Imagine receiving a warning letter from the FDA claiming that your package label was in violation of the Federal Food, Drug, and Cosmetic Act. They give you 15 days to report back with the steps you plan to take to correct this violation, expecting modifications to the design of your label. This exact situation happens every day to food manufacturers all over the country.
The FDA closely monitors the food industry for labeling violations and places particular emphasis on claims and statements made on the front-of-package labeling. This is because this area is used to catch shoppers’ attention, but often does not provide a full picture of the nutritional composition of the product.
Thankfully you don’t have to receive a warning letter to understand the labeling requirements. Here are four of the most common front-of-package violations found in the food industry.
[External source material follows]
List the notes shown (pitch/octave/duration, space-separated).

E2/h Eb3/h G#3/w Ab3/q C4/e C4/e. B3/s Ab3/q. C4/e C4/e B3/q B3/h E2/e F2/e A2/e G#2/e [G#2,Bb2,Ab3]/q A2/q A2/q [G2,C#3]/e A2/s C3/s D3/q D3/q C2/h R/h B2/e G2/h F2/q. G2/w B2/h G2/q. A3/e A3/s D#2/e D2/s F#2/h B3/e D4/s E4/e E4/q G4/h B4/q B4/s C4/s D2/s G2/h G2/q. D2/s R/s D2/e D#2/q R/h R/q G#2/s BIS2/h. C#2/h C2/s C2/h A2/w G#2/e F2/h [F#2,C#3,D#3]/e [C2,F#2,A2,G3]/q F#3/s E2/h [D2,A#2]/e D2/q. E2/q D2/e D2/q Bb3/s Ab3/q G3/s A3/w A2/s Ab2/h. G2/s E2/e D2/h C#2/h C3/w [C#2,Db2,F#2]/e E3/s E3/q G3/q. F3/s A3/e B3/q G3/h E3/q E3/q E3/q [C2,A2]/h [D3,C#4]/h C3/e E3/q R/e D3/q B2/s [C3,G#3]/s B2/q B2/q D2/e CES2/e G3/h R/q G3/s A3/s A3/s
- Claiming Nutrient Content Without Disclosure Statements: There must be a disclosure statement next to every nutrient content claim on a food label – consumers need to know the truth! Package labels that make nutrient content claims about a specific nutrient, such as “0g trans fat,” but fail to identify high levels of “negative” nutrients that are present in the products, are in violation. Disclosure statements for high levels of total fat, saturated fat, cholesterol, and/or sodium must be included when making a nutrient content claim.
- Invalid Nutrient Content Claims: It makes sense to let customers know how they can benefit from using your product, but exaggeration just doesn’t cut it in the food labeling business. Nutrient content claims such as “cholesterol free”, and “excellent source of____” must meet the legal requirements approved and established by the FDA. Warning letters have been sent to manufacturers that produce vegetable shortening, fruit juice, and cereal products for making nutrient content claims that are inaccurate.
- Restricted Claims on Products for Young Children: There are a large number of products intended for infants and children under the age of two that have been found to have unauthorized claims on their labels. These claims include “healthy,” “no added sugar,” “good source of iron,” “low sodium,” and “plus fiber.” Although the safety of these food products is not a concern, the FDA has not authorized most nutrient content claims for foods that are intended for infants and toddlers.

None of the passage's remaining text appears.